To further assess the model performance and attempt to ascertain why it is biased low compared to measurements in the fire plumes, we have examined the relationship of the enhancement above background of O₃ to CO. We resampled the observations to the same 1 minute frequency of the extracted model data and plotted O₃ against CO to calculate a slope based on RMA (similar to the method used in Section 3.3). Minute-averaged regressions for both the measurements and the model for the 5 flights over the North Atlantic are shown in Fig. 10, with the enhancement ratios and air mass age shown in Table 2. We also give an average of the younger (C225) and older (C218–C224) air masses to allow comparison with the average oxidation ratios seen in plumes within the region. In general, the O₃ enhancement ratio (ΔO₃/ΔCO), is lower in the model compared to the measurement. On average across the six flights, measured ΔO₃/ΔCO is 0.24 ± 0.02, whereas in the model the value is 0.15 ± 0.11. Flight C224 is the closest to the measurements, giving a value of 0.24 ± 0.16 in the model compared to 0.25 ± 0.06 in the measurement. Flight C223 sees a higher value in the model (0.36 ± 0.02) compared to the measurement (0.24 ± 0.08). It is not immediately clear why these two flights are different to the rest. They do not show any particular difference in the NMB analysis of measured and modelled data, in fact C224 shows the highest discrepancy in CO and O₃. When we consider the broader ΔO₃/ΔCO enhancement ratios within the older plumes (not including flight C225), we see a value of 0.17 ± 0.03 versus an observed value of 0.29 ± 0.05. The modelled ΔO₃/ΔCO enhancement ratio increases to 0.19 ± 0.03 when we exclude the flight where the model did reproduce biomass burning enhancement (C221 – as discussed in Section 4.1), which is in better agreement with the observations, which are unchanged. The modelled point is also shown on Fig. 7.
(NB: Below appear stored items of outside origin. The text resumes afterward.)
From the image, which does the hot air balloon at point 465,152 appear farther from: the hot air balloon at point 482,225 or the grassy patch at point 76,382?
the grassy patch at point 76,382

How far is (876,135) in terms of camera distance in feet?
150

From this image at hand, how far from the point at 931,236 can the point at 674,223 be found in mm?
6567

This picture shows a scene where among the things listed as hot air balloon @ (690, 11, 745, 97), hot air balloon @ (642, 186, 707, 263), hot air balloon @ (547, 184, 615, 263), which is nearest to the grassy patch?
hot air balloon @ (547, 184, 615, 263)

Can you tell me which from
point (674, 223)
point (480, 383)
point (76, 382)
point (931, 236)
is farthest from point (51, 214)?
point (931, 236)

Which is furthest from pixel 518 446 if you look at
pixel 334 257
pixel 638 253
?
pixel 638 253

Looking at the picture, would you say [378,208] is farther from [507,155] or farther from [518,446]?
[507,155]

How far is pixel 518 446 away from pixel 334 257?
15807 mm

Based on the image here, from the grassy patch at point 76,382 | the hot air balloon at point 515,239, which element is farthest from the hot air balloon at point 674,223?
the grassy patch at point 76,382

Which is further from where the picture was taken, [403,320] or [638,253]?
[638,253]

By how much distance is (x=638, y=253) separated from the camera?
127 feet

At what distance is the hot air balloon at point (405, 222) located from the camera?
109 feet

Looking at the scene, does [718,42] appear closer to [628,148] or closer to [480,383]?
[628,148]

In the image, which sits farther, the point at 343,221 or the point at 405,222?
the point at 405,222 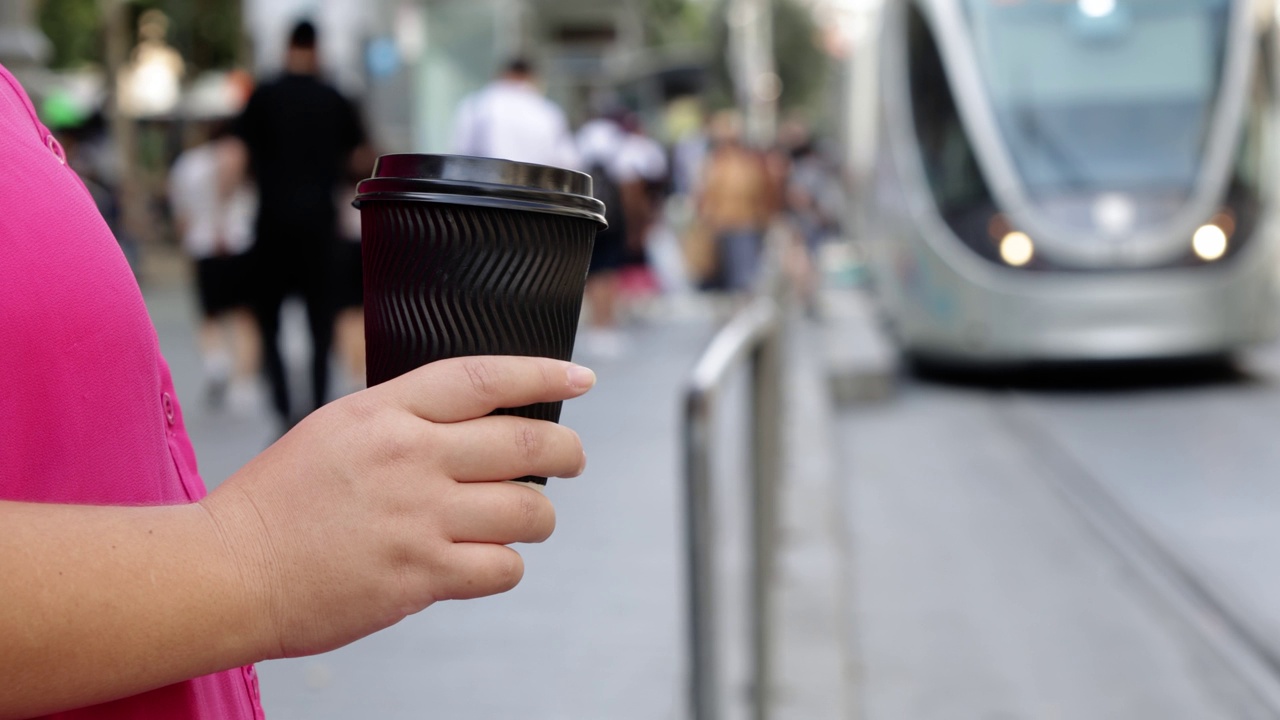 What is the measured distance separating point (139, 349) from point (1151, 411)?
8769mm

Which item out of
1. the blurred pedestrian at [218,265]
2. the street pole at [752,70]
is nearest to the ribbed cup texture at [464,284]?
the blurred pedestrian at [218,265]

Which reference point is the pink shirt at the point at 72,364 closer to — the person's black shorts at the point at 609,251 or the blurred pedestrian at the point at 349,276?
the blurred pedestrian at the point at 349,276

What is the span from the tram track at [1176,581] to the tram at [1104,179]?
74.2 inches

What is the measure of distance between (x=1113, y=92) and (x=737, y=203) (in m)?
5.70

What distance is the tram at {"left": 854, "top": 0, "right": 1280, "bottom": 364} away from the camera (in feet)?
31.4

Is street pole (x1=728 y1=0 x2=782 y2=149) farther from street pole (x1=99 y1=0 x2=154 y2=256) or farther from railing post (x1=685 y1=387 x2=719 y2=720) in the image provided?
railing post (x1=685 y1=387 x2=719 y2=720)

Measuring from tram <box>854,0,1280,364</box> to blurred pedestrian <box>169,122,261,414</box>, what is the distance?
4.48 m

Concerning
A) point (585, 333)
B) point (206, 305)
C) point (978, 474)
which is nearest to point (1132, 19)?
point (978, 474)

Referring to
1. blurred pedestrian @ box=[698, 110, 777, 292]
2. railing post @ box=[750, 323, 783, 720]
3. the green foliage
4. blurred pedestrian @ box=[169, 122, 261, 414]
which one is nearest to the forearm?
railing post @ box=[750, 323, 783, 720]

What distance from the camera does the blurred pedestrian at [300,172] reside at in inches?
255

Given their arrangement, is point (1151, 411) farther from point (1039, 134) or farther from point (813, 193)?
point (813, 193)

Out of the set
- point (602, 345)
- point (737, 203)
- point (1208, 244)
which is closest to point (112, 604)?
point (1208, 244)

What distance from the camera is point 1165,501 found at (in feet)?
21.6

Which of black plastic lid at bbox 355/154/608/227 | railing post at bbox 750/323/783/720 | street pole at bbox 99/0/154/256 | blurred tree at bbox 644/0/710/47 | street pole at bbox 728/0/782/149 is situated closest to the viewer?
black plastic lid at bbox 355/154/608/227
Fig. 10 O₃vs. CO scatter plots for 1 minute averaged data from the aircraft measurements (red) and the GEOS-CF model (blue).
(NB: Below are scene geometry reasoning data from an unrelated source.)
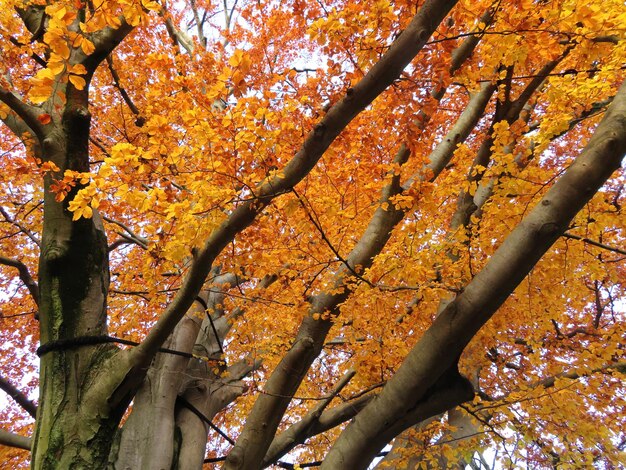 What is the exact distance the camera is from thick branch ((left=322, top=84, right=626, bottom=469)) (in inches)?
80.4

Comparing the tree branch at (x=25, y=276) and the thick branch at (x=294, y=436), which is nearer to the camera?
the thick branch at (x=294, y=436)

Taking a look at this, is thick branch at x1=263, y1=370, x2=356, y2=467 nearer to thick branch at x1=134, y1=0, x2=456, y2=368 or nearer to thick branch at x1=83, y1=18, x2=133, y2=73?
thick branch at x1=134, y1=0, x2=456, y2=368

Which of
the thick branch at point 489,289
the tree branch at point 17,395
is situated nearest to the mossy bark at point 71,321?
the tree branch at point 17,395

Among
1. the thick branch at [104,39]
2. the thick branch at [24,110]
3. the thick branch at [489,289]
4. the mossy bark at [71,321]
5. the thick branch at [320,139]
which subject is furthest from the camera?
the thick branch at [104,39]

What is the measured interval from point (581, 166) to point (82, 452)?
338 cm

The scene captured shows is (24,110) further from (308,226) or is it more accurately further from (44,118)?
(308,226)

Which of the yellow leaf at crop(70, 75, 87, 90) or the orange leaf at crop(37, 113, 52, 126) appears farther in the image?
the orange leaf at crop(37, 113, 52, 126)

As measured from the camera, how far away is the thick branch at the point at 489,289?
2043 mm

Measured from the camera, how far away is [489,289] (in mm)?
2109

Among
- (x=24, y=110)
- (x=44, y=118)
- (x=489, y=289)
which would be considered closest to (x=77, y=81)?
(x=44, y=118)

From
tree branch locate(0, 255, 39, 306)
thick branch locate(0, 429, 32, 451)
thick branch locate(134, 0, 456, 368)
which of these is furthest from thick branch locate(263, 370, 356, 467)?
tree branch locate(0, 255, 39, 306)

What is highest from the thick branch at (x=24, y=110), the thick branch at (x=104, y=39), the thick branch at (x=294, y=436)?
the thick branch at (x=104, y=39)

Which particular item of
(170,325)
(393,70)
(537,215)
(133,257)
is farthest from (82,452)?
(133,257)

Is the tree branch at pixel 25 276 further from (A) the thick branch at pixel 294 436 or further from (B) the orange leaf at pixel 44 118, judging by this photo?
(A) the thick branch at pixel 294 436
Table 2 ΔO₃/ΔCO enhancement ratios calculated for 1 minute averaged measured and GEOS-CF modelled data

Flight number	Air mass age/h	Measured O3/CO	Modelled O3/CO
C218	201.3	0.23 ± 0.045	0.15 ± 0.01
C219	179.9	0.25 ± 0.034	0.08 ± 0.035
C221	147.2	0.25 ± 0.017	0.03 ± 0.03
C223	166.8	0.27 ± 0.080	0.36 ± 0.02
C224	156.5	0.27 ± 0.060	0.24 ± 0.16
C225	76.8	0.21 ± 0.043	0.05 ± 0.04
Aged air (C218–C224)	170.4	0.29 ± 0.050	0.17 ± 0.03
Aged air (C218–C224, not C221)	176.1	0.29 ± 0.045	0.19 ± 0.03

---

This analysis shows that the low bias of O₃ in the model is not purely due to the low bias of CO (and NO_x). It is known too that Eulerian models will struggle to represent individual plumes on the scales of these fires,¹² as least in part due to their limited vertical resolution, and coarser model resolution can fail to capture non-linearity of O₃ formation chemistry. The fact that the O₃-to-CO enhancement ratio is also lower in the model suggests that the model may also be missing chemistry, a hypothesis that is backed up by the low bias of VOCs and HCHO in the model, although the VOC analysis is only for a few compounds and is missing potentially important and very reactive compounds such as oxygenated VOCs, isoprenoids and furans.⁶⁵ The implication of this work is that the contribution of biomass burden over to the O₃ burden over the Atlantic Ocean could be underestimated, especially when considering the impact of uncertainty in biomass burning's contribution to O₃'s radiative forcing through time.⁵⁹ It is clear that more studies of O₃ and its precursors from wildfires in Africa are required in order to properly understand the effect on the wider North Atlantic Ocean.

4 Conclusions

Aircraft based measurements of O₃ and a range of its precursors were made in African wildfire outflow during 12 research flights spanning March 2017 to February 2020. The flights ranged from within a few kilometres of the fires over Senegalese and Ugandan savannah to several hundred kilometres away over the North Atlantic Ocean near Cape Verde. Close to the fires, large enhancements of NO_x (>100 ppbv), CO (>10 000 ppbv) and VOCs (>20 ppbv) were observed, and the measurements allowed emission factors (EFs) for NO_x and VOCs to be calculated. For NO_x EFs of 2.05 ± 0.43 for Senegal and 1.20 ± 0.28 for Uganda were calculated, both higher than the average value of 1.13 ± 0.6 for North and West Africa given in Andreae 2019.⁴⁹ For most VOCs, EFs in Uganda were lower by factors of 20–50% compared to Senegal, with values comparing well to literature for larger VOCs (e.g. benzene, toluene and the butanes). The agreement with literature for the smaller VOCs is poorer, with measured values 30–70% lower. We examined the ΔO₃/ΔCO enhancement ratio for all the flights and found values from 0.06 close to the fires (within 1–2 hours of emission) to 0.29 over the Atlantic Ocean (>150 hours from emission).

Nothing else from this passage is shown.